= Input records =

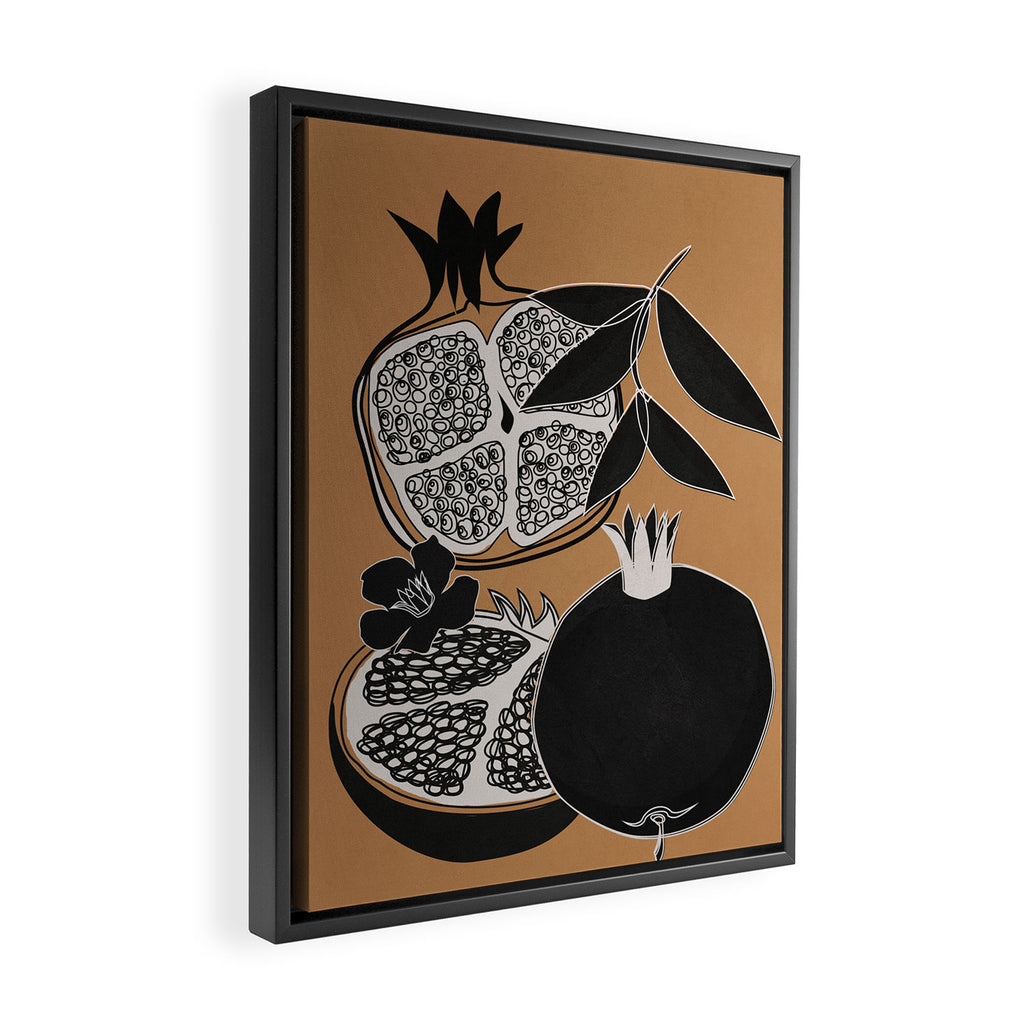 Line Art Pomegranates 5 Framed Canvas Print Gallery Image 2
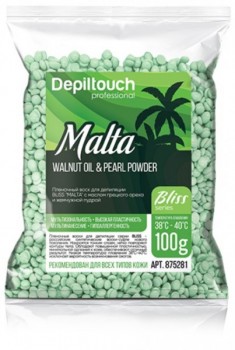 Bliss Malta Wax (Полимерный пленочный воск Malta Bliss с маслом грецкого ореха и жемчужной пудрой)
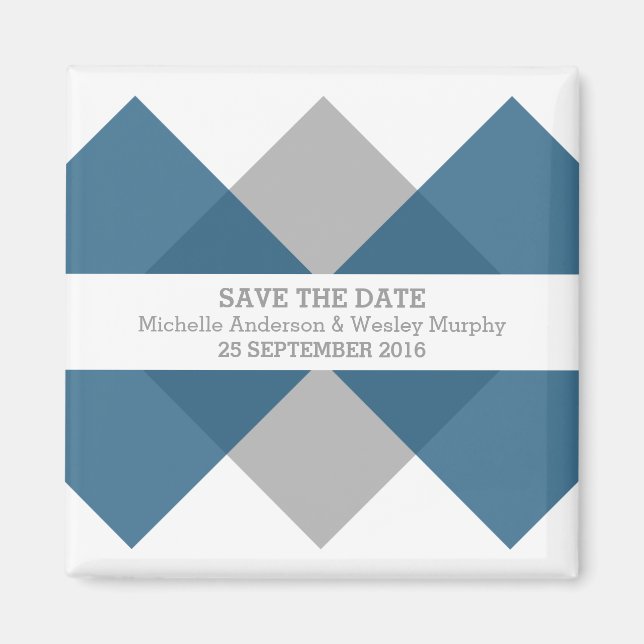 Blue Grey Geometric Triad Save the Date Magnet (Front)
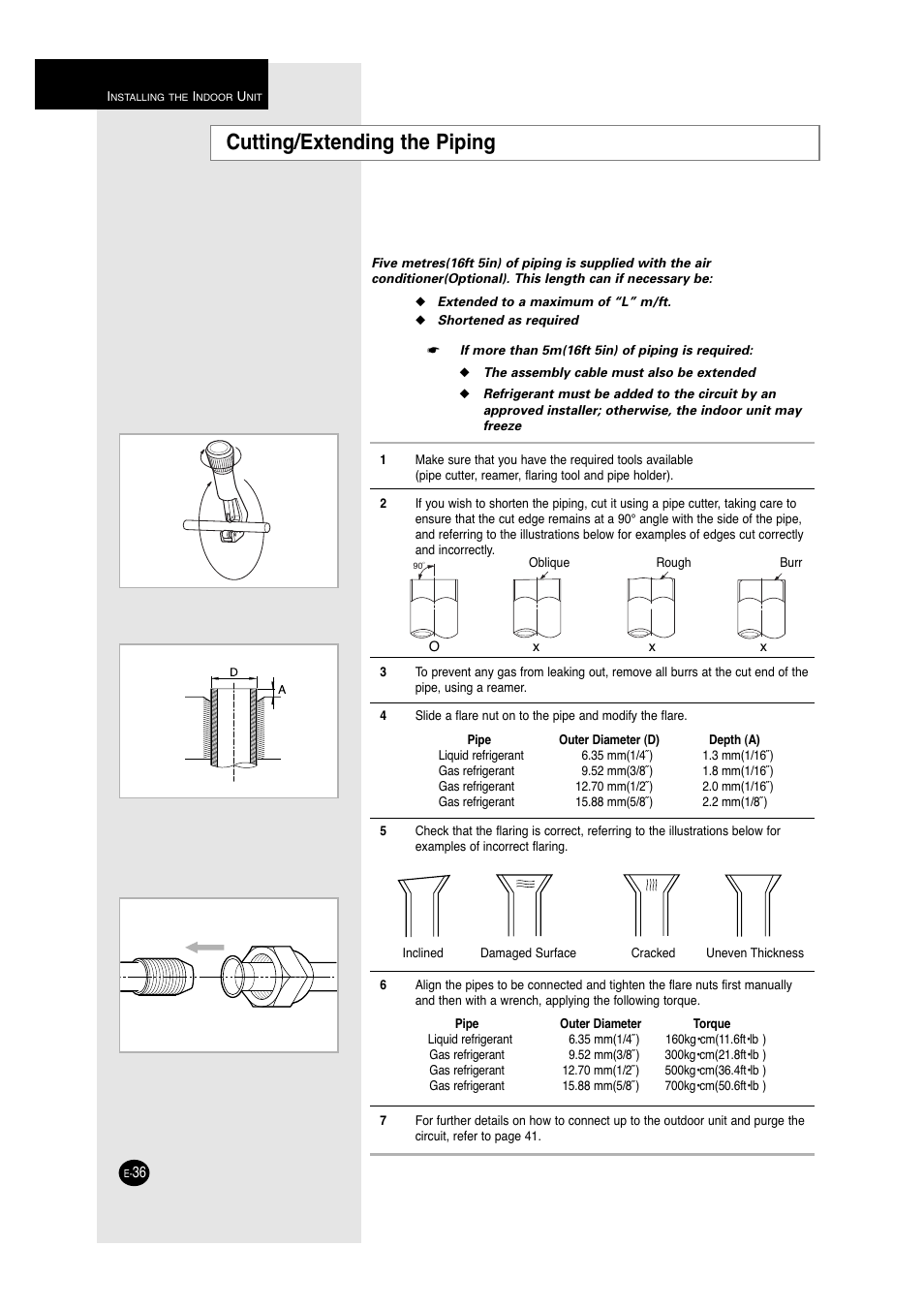 Cutting/extending the piping | Samsung A6 User Manual | Page 36 / 46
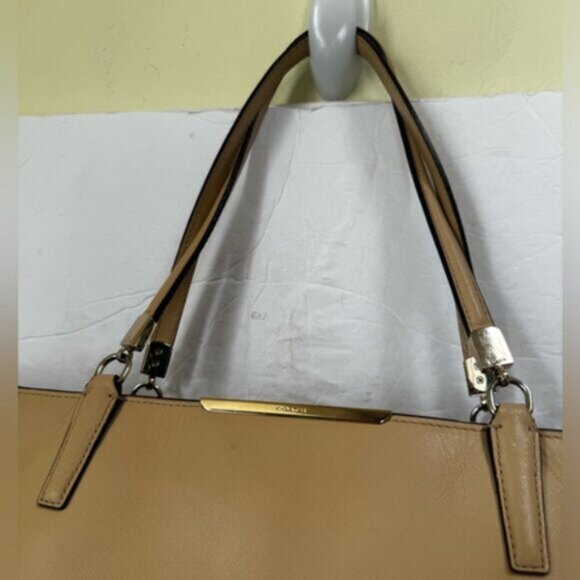 Coach Madison East West Saffiano Leather Tote Shoulder Bag Shopper Tan Neutral - Picture 5 of 15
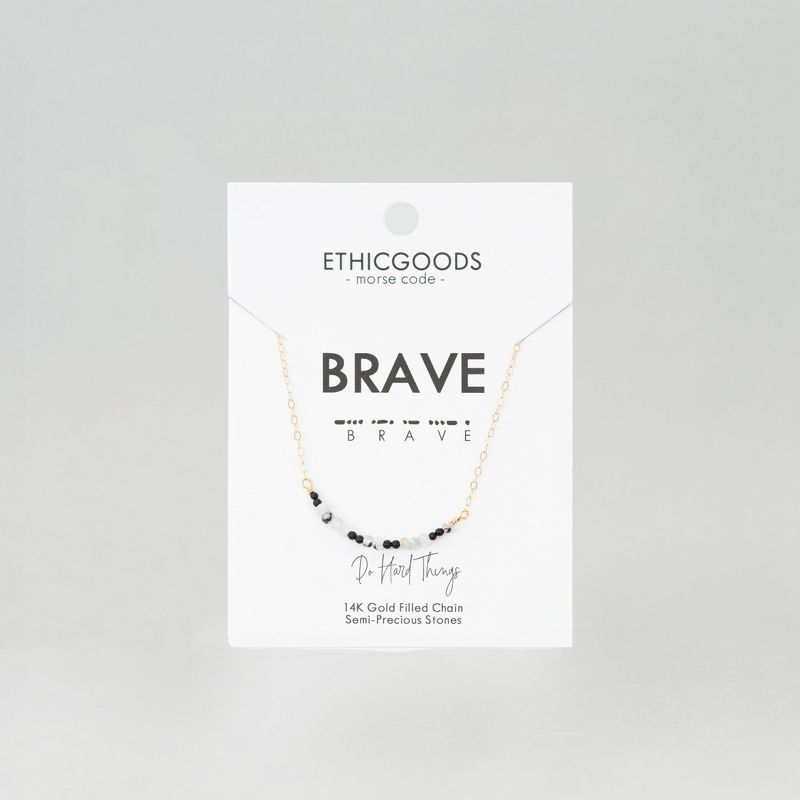 ETHIC GOODS Women's Dainty Stone Morse Code Necklace [BRAVE], 3 of 7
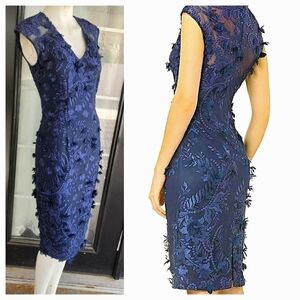 Carmen Marc Valvo Infusion 3D novelty floral‎ V-neck gown Formal Dress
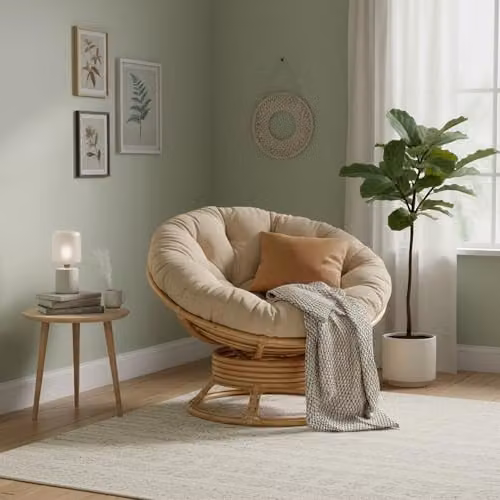 Desser Natural Rattan Papasan Chair with 360 Degree Swivel and Thick Beige Cushion – 3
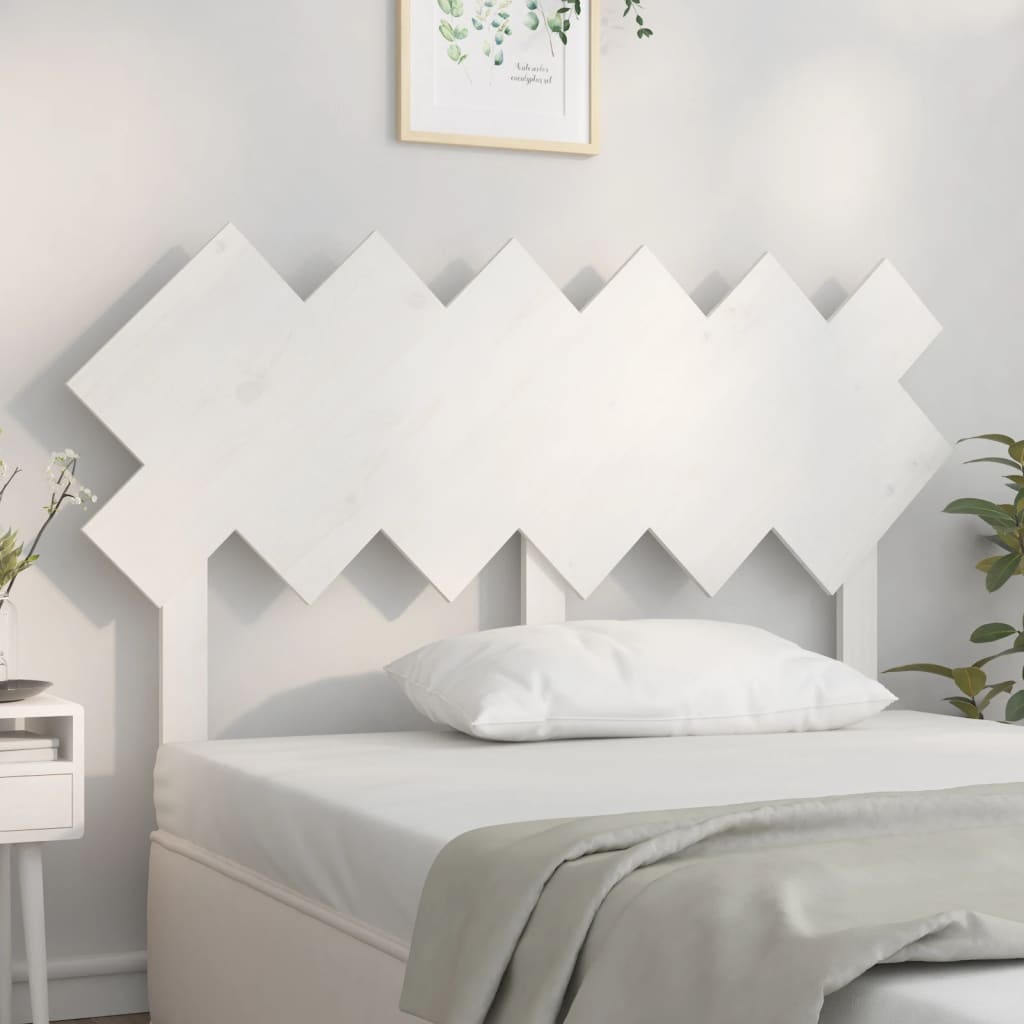 Testiera Per Letto Bianca 104X3X80,5 Cm Legno Massello Di Pino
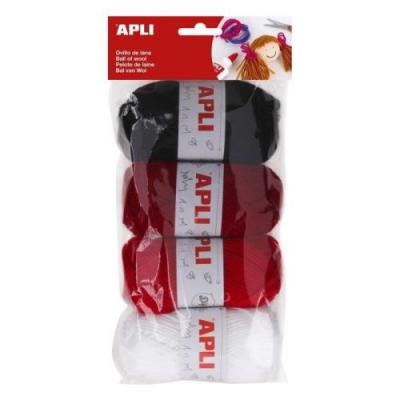 APLI  946052 - Pelote de fils &agrave; tricoter 4 unit&eacute;s 50g, tons rouges
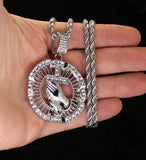 Mens Large Praying Cross/Hands Cz Iced Pendant 24" Chain Silver Plated Hip Hop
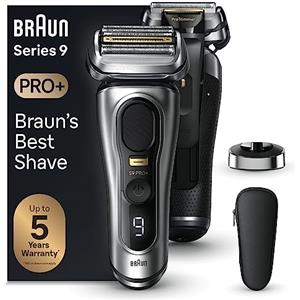 Braun Series 9 PRO +, Regolabarba Uomo, Rasoio Elettrico Barba Rifinitore di precisione, Custodia da Viaggio in tessuto, Batteria Litio Ion, 100% Impermeabile Idea Regalo, 9517s Argento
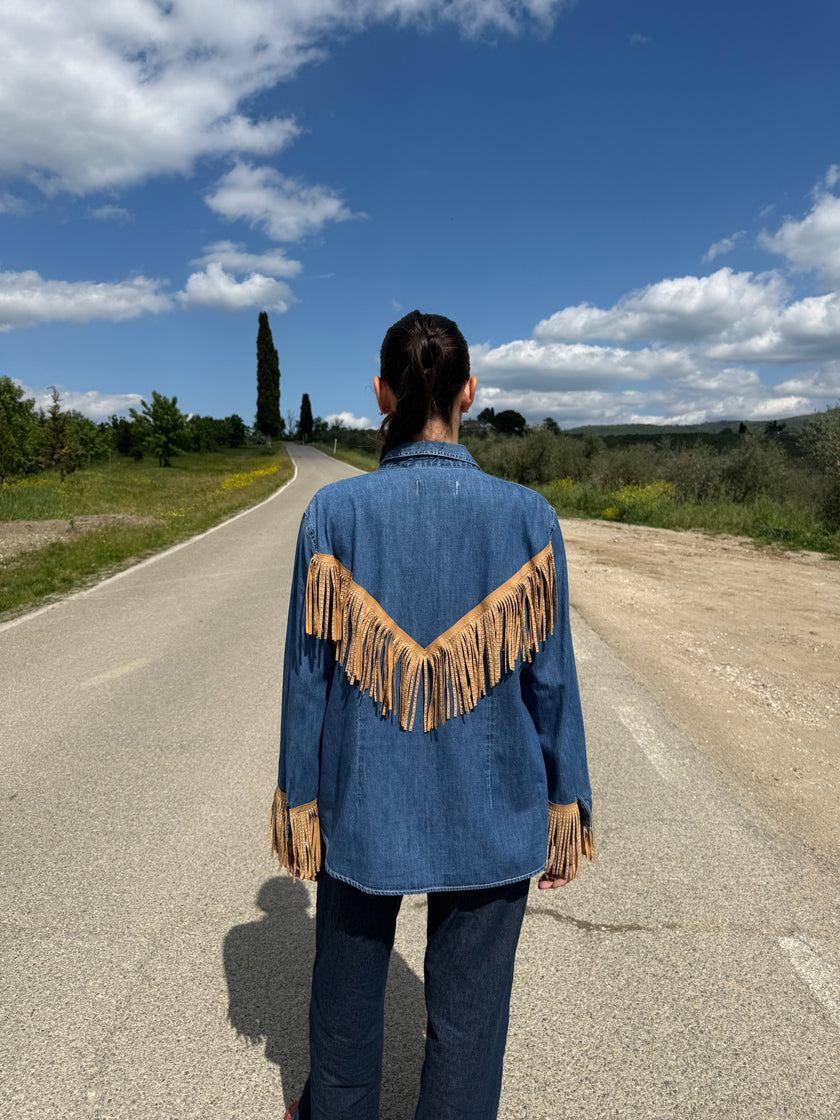 Camicia frange- camicia in denim con frange
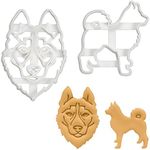 Set of 2 Husky Cookie Cutters (Designs: Face and Body), 2 Pieces - Bakerlogy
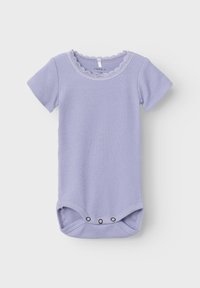 Light purple short-sleeve bodysuit made of ribbed fabric, featuring a scalloped lace neckline and snap closures at the bottom.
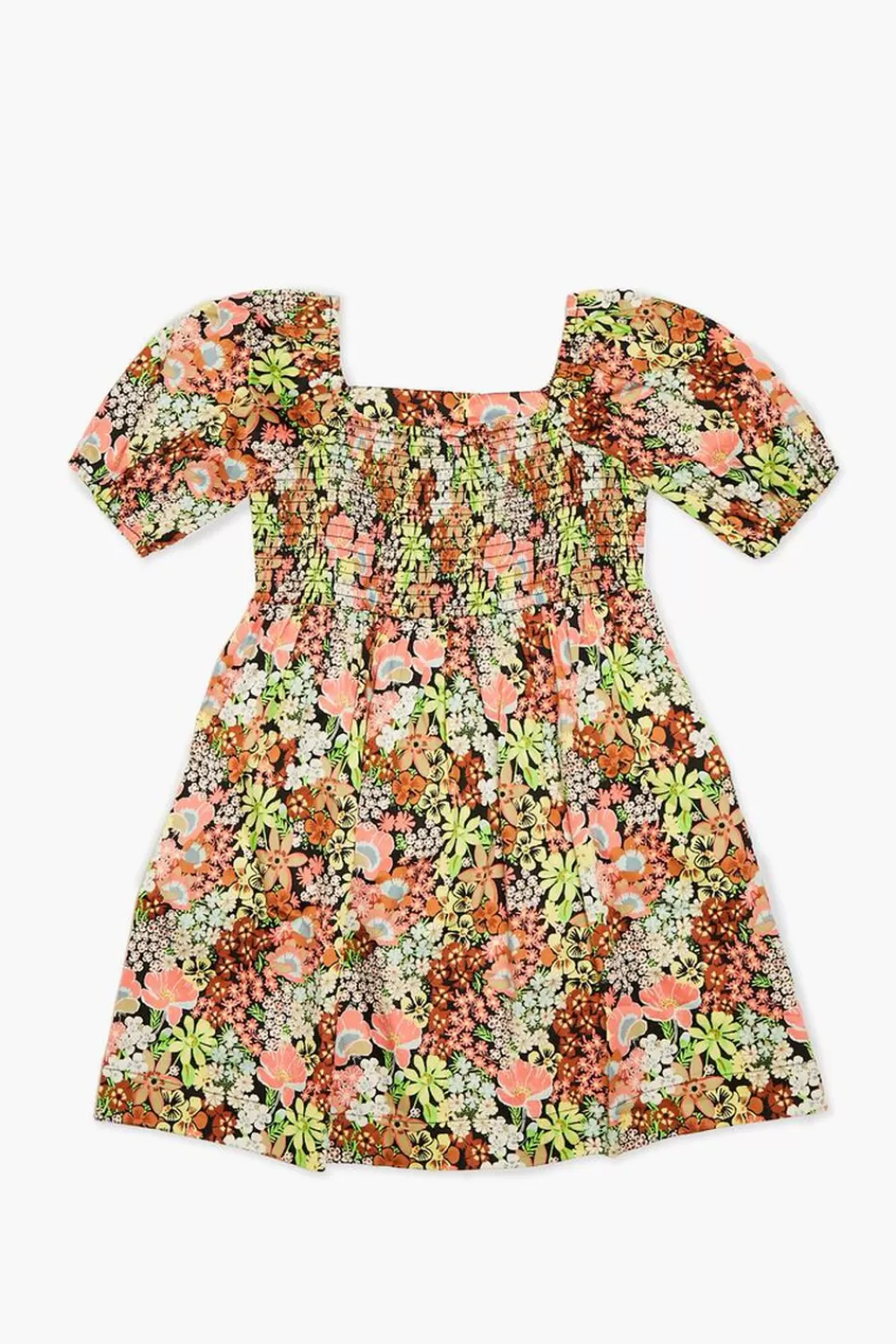 Dresses + Rompers>Forever 21 Girls Floral Print Puff-Sleeve Dress (Kids) Black/Multi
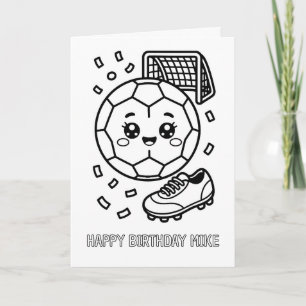 DIY colouring folded soccer birthday card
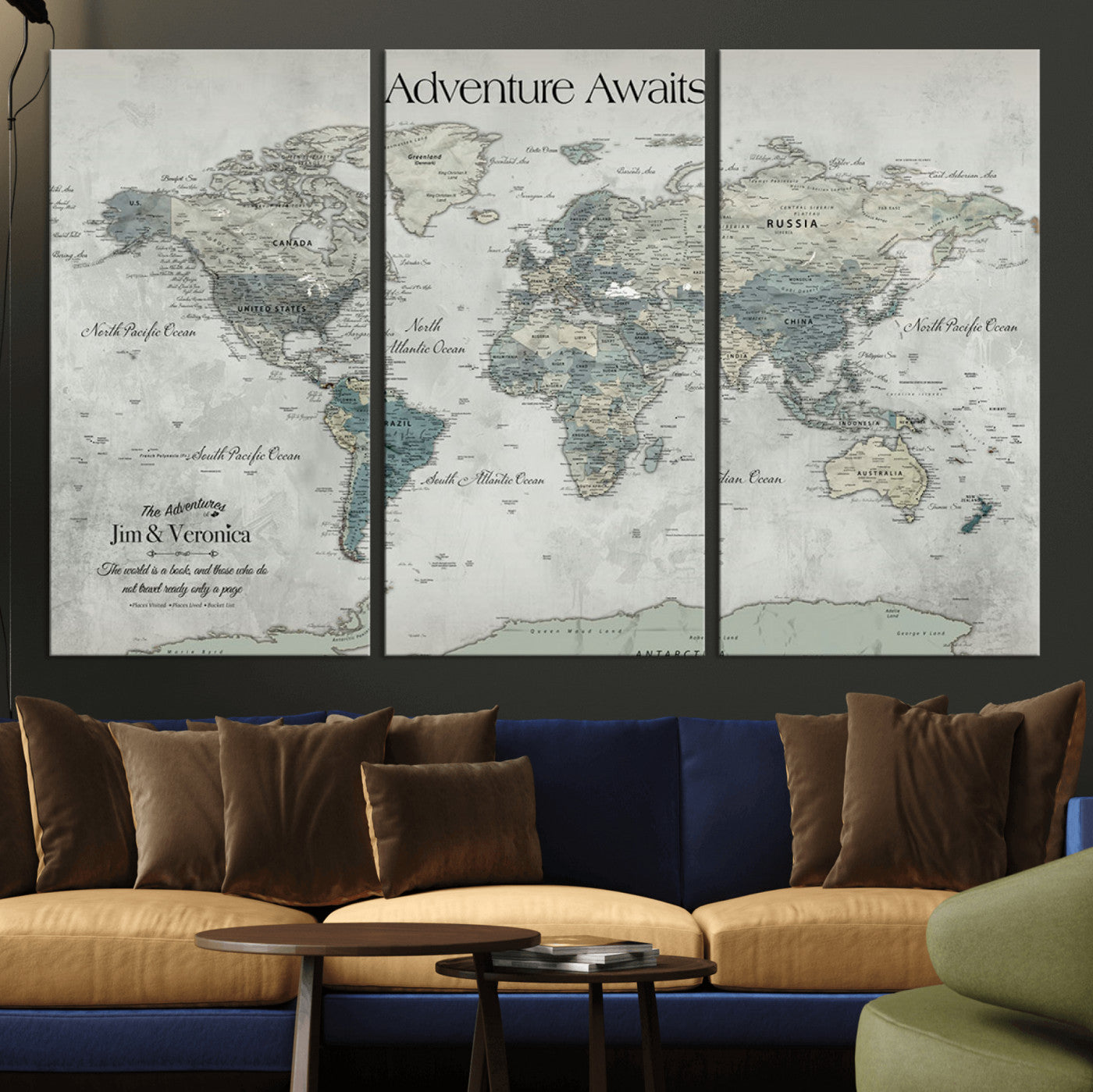 Customize Push Pin World Map Wall Canvas Print – Personalized Travel Tracker with Pins – Framed Custom Quotie Canvas for Home Office Decor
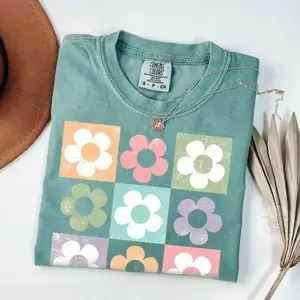 Women's Retro Printed Round Neck Shortsleeve Cotton T-Shirt - Soft Fashion Casual Wear, Oversized Boho Summer Tee, 5LO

= Directions =
Write out all of the data above exactly, pictures excluded.

= Answer section =
 Line Art Pomegranates 5 Framed Canvas Print Gallery Image 2
 Bliss Malta Wax (Полимерный пленочный воск Malta Bliss с маслом грецкого ореха и жемчужной пудрой)
 Blue Grey Geometric Triad Save the Date Magnet (Front)
 Cutting/extending the piping | Samsung A6 User Manual | Page 36 / 46
 Coach Madison East West Saffiano Leather Tote Shoulder Bag Shopper Tan Neutral - Picture 5 of 15
 ETHIC GOODS Women's Dainty Stone Morse Code Necklace [BRAVE], 3 of 7
 Carmen Marc Valvo Infusion 3D novelty floral‎ V-neck gown Formal Dress
 Desser Natural Rattan Papasan Chair with 360 Degree Swivel and Thick Beige Cushion – 3
 Testiera Per Letto Bianca 104X3X80,5 Cm Legno Massello Di Pino
 APLI  946052 - Pelote de fils &agrave; tricoter 4 unit&eacute;s 50g, tons rouges
 Mens Large Praying Cross/Hands Cz Iced Pendant 24" Chain Silver Plated Hip Hop
 Braun Series 9 PRO +, Regolabarba Uomo, Rasoio Elettrico Barba Rifinitore di precisione, Custodia da Viaggio in tessuto, Batteria Litio Ion, 100% Impermeabile Idea Regalo, 9517s Argento
 Camicia frange- camicia in denim con frange
 Set of 2 Husky Cookie Cutters (Designs: Face and Body), 2 Pieces - Bakerlogy
 Light purple short-sleeve bodysuit made of ribbed fabric, featuring a scalloped lace neckline and snap closures at the bottom.
 Dresses + Rompers>Forever 21 Girls Floral Print Puff-Sleeve Dress (Kids) Black/Multi
 DIY colouring folded soccer birthday card
 Customize Push Pin World Map Wall Canvas Print – Personalized Travel Tracker with Pins – Framed Custom Quotie Canvas for Home Office Decor
 Women's Retro Printed Round Neck Shortsleeve Cotton T-Shirt - Soft Fashion Casual Wear, Oversized Boho Summer Tee, 5LO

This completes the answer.